La rencontre publique organisée le 16 juin 2018 a débuté par la lecture d’un éditorial, daté de 2009, signé Jean-Pierre Marcos (directeur du pôle régional cirque et arts de la rue d’Amiens jusqu’en 2016), qui a permis de rappeler que travailler dans l’espace public nécessite d’être attentif à l’évolution de la ville, notamment sur le plan urbanistique. Telle artère, occupée par des spectacles le temps d’un festival, devient zone piétonne quelques années plus tard. Un quartier délaissé, mis en lumière le temps d’un week-end festif, se voit ensuite réhabilité et revivifié. De même les différents faubourgs d’Amiens, connaissant des mutations parfois douloureuses, ont bénéficié au fil des années de démarches de création menées par des artistes de rue, en complicité avec les associations, les structures socio-culturelles locales et les habitants volontaires qui ont, à un degré ou à un autre, participé aux spectacles.
Ainsi, en 2007, Etouvie , quartier populaire au Nord-Est du centre d’Amiens, a frémi, le temps d’une soirée orchestrée par le Théâtre de l’Unité, à l’annonce de l’implosion imminente de la Tour bleue qui, de fait, faisait l’objet à l’époque d’un projet de rénovation urbaine. Pendant des semaines, des ateliers à l’exigence artistique très haute, avaient permis aux principaux intéressés de prendre part à la mystification, qui reste aujourd’hui encore gravée dans les mémoires. Revenue à Etouvie, la même compagnie a inventé, de 2013 à 2014, une « Commune libre », à l’aide d’un outil imparable : le « cercle des idioties » permettant à chacun de s’exprimer sans (auto-)censure et sans jugement. Les participants se souviennent encore avec fierté d’avoir « inventé des lois » dans le cadre d’un « Parlement » joué ensuite au Cirque Jules Verne d’Amiens, puis au festival d’Aurillac.

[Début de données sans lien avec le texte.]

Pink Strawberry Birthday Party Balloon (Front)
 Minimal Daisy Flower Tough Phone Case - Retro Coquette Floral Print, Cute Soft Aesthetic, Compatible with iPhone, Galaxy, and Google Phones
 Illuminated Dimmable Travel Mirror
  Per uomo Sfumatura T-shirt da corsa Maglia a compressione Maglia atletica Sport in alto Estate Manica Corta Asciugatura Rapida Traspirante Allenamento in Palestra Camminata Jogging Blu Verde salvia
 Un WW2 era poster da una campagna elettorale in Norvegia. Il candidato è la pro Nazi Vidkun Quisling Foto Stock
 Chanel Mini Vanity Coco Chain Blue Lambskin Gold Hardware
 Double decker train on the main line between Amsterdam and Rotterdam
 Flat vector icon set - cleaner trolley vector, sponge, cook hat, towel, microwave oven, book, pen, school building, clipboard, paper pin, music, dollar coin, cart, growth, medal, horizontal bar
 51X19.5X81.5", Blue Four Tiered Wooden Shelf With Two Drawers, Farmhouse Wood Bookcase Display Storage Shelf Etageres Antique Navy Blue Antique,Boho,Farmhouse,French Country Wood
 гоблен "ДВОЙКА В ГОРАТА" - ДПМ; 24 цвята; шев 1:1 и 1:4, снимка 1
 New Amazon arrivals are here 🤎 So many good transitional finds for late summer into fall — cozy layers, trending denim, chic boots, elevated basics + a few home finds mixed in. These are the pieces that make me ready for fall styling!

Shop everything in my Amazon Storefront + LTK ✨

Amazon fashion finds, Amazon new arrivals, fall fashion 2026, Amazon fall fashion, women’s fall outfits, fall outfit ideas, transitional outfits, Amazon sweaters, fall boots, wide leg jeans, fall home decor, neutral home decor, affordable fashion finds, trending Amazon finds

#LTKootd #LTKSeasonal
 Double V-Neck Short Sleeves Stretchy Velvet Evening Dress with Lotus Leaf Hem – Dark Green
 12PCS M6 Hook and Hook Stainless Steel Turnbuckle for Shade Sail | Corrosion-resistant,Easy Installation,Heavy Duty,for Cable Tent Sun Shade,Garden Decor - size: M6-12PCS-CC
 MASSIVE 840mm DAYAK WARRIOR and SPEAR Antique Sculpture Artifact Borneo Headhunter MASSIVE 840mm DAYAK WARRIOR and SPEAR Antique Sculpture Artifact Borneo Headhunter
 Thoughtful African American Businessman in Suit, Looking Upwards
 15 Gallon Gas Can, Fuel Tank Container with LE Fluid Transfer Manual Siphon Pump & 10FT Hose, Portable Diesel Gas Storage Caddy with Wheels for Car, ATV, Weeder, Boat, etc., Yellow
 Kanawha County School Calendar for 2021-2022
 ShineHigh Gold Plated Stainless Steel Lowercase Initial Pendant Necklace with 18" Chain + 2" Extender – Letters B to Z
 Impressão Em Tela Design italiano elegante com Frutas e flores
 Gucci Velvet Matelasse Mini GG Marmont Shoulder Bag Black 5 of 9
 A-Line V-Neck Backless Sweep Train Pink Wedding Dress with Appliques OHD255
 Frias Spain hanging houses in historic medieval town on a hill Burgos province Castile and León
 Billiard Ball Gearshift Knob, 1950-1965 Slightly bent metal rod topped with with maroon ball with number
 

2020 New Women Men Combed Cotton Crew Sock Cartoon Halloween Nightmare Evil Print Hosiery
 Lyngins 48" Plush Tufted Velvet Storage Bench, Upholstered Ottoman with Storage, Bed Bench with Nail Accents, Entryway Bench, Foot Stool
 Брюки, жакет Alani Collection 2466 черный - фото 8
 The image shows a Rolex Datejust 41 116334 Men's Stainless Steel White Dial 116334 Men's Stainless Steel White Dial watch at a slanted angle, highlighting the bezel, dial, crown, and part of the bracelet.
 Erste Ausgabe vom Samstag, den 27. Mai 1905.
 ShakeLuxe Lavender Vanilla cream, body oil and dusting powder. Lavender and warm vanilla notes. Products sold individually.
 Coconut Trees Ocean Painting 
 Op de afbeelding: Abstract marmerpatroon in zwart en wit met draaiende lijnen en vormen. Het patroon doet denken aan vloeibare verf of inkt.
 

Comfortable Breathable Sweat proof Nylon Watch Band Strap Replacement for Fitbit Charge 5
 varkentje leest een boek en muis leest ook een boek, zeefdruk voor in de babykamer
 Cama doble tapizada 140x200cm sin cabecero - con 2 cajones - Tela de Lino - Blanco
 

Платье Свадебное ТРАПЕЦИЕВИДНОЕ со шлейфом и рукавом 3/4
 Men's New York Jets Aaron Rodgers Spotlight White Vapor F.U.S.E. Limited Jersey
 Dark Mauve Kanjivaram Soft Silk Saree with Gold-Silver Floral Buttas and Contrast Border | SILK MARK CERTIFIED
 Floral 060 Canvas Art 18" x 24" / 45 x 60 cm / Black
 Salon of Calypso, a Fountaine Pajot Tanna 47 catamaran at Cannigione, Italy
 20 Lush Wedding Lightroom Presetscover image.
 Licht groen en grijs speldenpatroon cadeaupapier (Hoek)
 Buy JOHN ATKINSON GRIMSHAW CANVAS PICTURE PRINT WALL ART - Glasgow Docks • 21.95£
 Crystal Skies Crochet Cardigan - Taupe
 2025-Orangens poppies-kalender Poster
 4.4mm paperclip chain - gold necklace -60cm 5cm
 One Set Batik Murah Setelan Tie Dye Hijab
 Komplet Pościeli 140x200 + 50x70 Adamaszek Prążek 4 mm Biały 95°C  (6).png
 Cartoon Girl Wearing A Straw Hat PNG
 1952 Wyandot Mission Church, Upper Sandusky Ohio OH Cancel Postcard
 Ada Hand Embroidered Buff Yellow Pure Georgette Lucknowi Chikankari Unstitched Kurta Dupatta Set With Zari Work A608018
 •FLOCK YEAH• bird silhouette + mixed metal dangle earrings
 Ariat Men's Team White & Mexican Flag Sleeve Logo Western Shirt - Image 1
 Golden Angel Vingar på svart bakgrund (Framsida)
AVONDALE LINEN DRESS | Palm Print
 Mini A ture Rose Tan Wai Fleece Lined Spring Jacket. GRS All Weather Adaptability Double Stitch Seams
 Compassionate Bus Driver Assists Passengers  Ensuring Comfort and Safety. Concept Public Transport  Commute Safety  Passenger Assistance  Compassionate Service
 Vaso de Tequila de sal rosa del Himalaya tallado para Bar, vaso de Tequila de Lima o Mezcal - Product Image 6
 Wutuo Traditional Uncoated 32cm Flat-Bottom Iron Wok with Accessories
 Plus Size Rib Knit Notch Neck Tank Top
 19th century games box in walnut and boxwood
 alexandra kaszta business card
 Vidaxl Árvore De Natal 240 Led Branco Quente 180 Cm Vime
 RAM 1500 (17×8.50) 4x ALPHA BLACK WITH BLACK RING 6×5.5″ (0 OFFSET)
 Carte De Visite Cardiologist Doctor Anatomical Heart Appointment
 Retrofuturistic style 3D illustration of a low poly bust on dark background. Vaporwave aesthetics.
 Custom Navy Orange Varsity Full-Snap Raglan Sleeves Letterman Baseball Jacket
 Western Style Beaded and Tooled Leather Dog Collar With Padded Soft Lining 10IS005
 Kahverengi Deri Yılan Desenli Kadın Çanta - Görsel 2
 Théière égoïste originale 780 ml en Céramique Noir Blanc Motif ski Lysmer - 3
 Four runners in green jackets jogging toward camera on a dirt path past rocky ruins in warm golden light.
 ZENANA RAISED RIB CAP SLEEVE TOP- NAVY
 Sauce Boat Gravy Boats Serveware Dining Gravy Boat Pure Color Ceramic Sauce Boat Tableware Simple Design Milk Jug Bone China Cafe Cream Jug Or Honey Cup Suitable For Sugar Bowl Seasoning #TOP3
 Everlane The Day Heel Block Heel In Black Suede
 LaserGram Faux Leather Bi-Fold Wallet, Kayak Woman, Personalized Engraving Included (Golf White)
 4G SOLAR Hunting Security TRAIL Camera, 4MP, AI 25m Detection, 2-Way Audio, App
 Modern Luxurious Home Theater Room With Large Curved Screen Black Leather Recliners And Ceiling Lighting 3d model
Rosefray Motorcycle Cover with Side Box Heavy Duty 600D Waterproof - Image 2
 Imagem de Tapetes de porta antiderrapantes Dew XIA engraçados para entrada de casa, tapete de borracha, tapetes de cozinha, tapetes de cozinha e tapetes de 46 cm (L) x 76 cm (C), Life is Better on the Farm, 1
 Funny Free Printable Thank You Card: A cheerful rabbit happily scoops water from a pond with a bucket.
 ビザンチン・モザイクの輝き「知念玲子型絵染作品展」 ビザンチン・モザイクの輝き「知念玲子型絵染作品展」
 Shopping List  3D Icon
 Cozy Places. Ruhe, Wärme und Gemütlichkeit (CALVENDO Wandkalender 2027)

Même émotion et même respect profond chez les complices des projets menés par Jean-Georges Tartar(e) à Elbeuf, avec la Pension de famille de la rue Lockert en 2012, et à Saint-Acheul pour 40 000 lieux sur la terre (en 2015). « Cet homme a une telle écoute, une telle patience, une telle humanité que je lui ai confié des choses que je n’avais jamais dites à ma propre fille », murmure une habitante manifestement encore émue.
La nouvelle équipe de direction du pôle régional d’Amiens s’inscrit dans le sillage creusé depuis quarante ans, attentive aux mutations qui bousculent le territoire. « L’essentiel est de permettre, de préserver la rencontre, dans l’espace public, entre la proposition artistique et les habitants », conclut Jean-Pierre Marcos.